The tensile strength of starch fibers is approximately 15 megapascals (MPa). The fibers of the present invention have a tensile strength greater than about 20 MPa, preferably greater than about 35 MPa, more preferably greater than about 50 MPa. Tensile strength is measured using an Instron using the following procedure or equivalent test described by ASTM standard D3822-91.
The multicomponent fiber of the present invention is not brittle and has a toughness exceeding 2 MPa. Toughness is defined as the area under the stress-strain curve with a strain rate of 50 mm / min when the specimen gauge length is 25 mm. Fiber resiliency or extensibility may also be desirable.

  The multicomponent fiber of the present invention may be heat bondable if sufficient polymer is present. Thermally bondable fibers are necessary for pressure heat and vented heat bonding methods. The ability to be thermally bonded typically means that the polymer is greater than about 15%, preferably greater than about 30%, more preferably greater than about 40%, most preferably about 50% by weight of the fiber. Achieved when present at concentrations greater than%. Consequently, when there is a very high starch content in the sheath, the fibers tend to decrease with respect to thermal bondability.

  A “high damping fiber” is defined as a multicomponent fiber having a high drawdown rate. The total fiber drawdown rate is defined as the ratio of the largest diameter fiber (typically occurring immediately after the capillary exit) to the final fiber diameter in the final application. The total fiber drawdown ratio by either artificial, spunbond or meltblown processes is greater than 1.5, preferably greater than 5, more preferably greater than 10 and most preferably greater than 12. This is necessary to achieve tactile properties and useful mechanical properties.

  Preferably, the high attenuation multicomponent fiber has a diameter of less than 200 micrometers. More preferably, the fiber diameter is 100 micrometers or less, even more preferably 50 micrometers or less, and most preferably less than 30 micrometers. Fibers commonly used in the manufacture of nonwovens have a diameter of about 5 micrometers to about 30 micrometers. Fiber diameter is controlled by spinning speed, mass throughput, and blend composition.
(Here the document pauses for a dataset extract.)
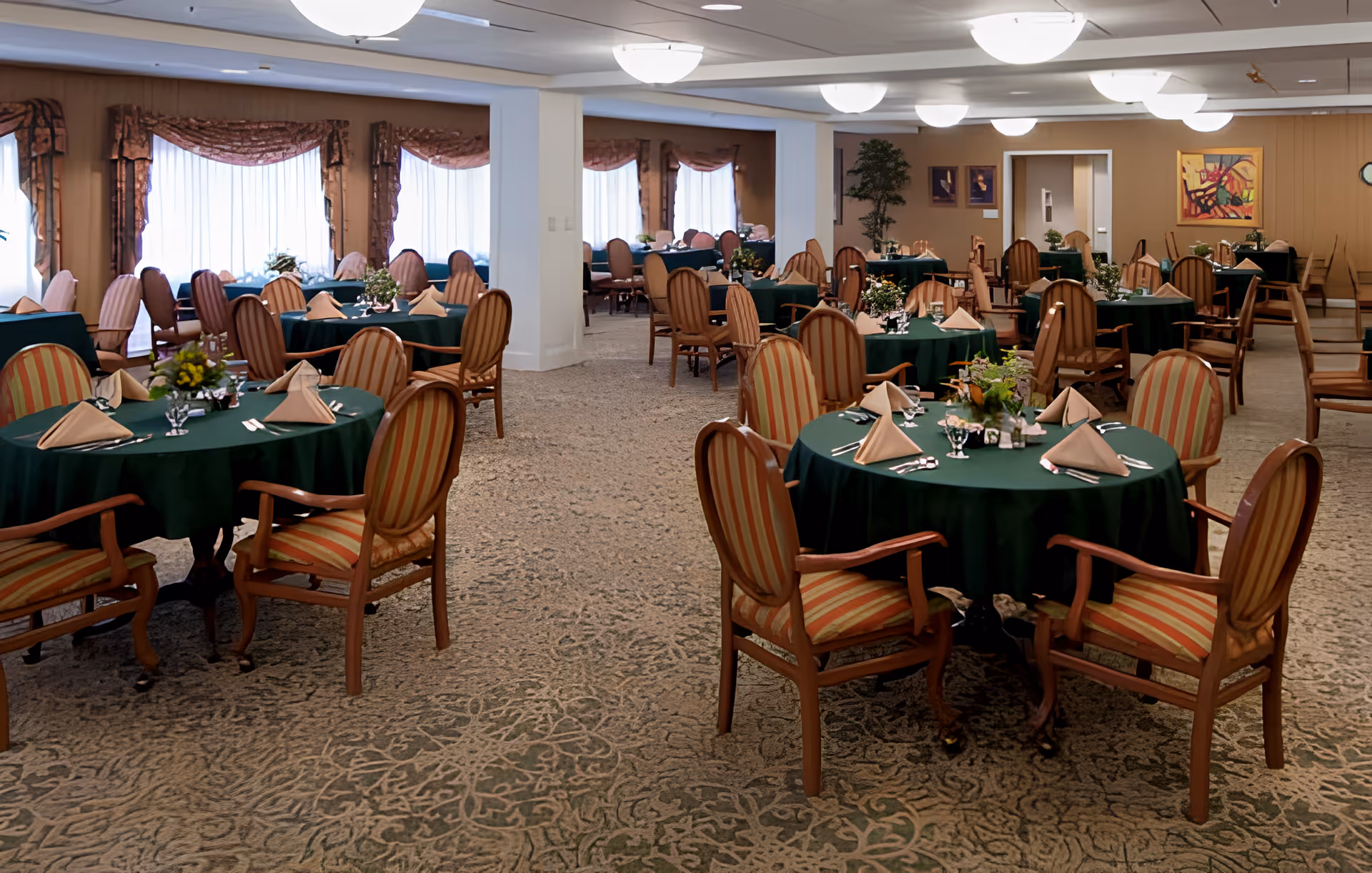 Spacious dining room with round tables covered in green tablecloths, place settings and wooden chairs.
  Nonwoven products made from multicomponent fibers also exhibit certain mechanical properties, particularly strength, flexibility, softness, and absorbency. Strength measurements include dry tensile strength and / or wet tensile strength. Flexibility is related to stiffness and can be attributed to flexibility. Flexibility is generally described as a physiologically recognized attribute associated with both flexibility and texture. Absorbency relates to the ability of a product to retain that fluid as well as the ability to absorb that fluid.

(4) Process The first step for producing a multicomponent fiber is a blending or mixing step. In the compounding process, the raw materials are typically heated under shear forces. Shearing in the presence of heat produces a uniform melt if the composition is properly selected. The melt is then placed in an extruder where fibers are formed. The fiber collection is combined with each other using heat, pressure, chemical binder, mechanical entanglement, and combinations thereof that result in the formation of a nonwoven web. Subsequently, the nonwoven fabric is assembled into articles.

(Combination)
The purpose of the compounding process is to produce a homogeneous molten composition comprising starch, polymer, and / or plasticizer. If the component is made of only starch or polymer and not both, the compounding process is modified to take into account the desired composition. Preferably, the molten composition is uniform, which means that a uniform distribution is seen over a wide area and no discernable area is observed.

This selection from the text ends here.